The British government on Wednesday published a document that suggests “significant amendments” to the Northern Ireland Protocol to the UK Exit Agreement from the European Union, namely the removal of controls and documentation on certain products and the end of the Court’s jurisdiction of Justice of the EU.

The Prime Minister explained that the way in which the Protocol is currently operating is “unsustainable” and that “it was not possible to find solutions through the existing mechanisms of the Protocol”, said a spokesperson.

Boris Johnson urged the EU to “review these proposals seriously and work on them with the UK”, claiming that it is possible to find “reasonable and practical solutions” to the problems of circulation and supply of goods, especially of animal and vegetable origin. .

However, the president of the European Commission reiterated the answer, which had already been given the day before, that the EU will not renegotiate the text which took effect in January.

“The EU will continue to be creative and flexible under the protocol.
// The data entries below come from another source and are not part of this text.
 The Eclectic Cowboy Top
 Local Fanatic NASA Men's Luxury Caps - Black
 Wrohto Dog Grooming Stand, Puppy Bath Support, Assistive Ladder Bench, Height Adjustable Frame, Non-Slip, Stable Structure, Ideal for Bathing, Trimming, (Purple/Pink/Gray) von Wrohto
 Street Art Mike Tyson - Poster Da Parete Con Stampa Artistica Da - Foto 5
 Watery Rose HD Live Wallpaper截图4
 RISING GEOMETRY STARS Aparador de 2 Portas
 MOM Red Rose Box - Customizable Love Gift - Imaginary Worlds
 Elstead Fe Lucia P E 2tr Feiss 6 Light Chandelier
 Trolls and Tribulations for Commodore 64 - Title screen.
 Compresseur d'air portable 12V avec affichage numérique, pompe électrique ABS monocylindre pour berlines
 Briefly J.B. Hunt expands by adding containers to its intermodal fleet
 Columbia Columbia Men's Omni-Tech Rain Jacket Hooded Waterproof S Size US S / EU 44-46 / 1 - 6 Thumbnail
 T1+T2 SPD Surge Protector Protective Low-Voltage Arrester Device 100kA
But we are not going to renegotiate”, stated Ursula von der Leyen in Twitter, arguing that it is necessary to give “stability and predictability to Northern Ireland”.

O Northern Ireland Protocol, which is part of the Brexit Agreement concluded in 2019, was designed to avoid a physical border on the island of Ireland, respecting the “open border” commitment set out in the 1998 peace accords.

However, it has created a “border” in the Irish Sea because Northern Ireland continues to follow EU rules, in particular for food products of animal and plant origin.

London holds the EU responsible for demanding excessive controls on goods shipped from the rest of the UK to Northern Ireland, which has affected the arrival of goods in the province.

The situation is creating tensions in the region, which for three decades has been haunted by a sectarian conflict between unionists, in favor of remaining under the British crown, and republicans, who want reunification with Ireland.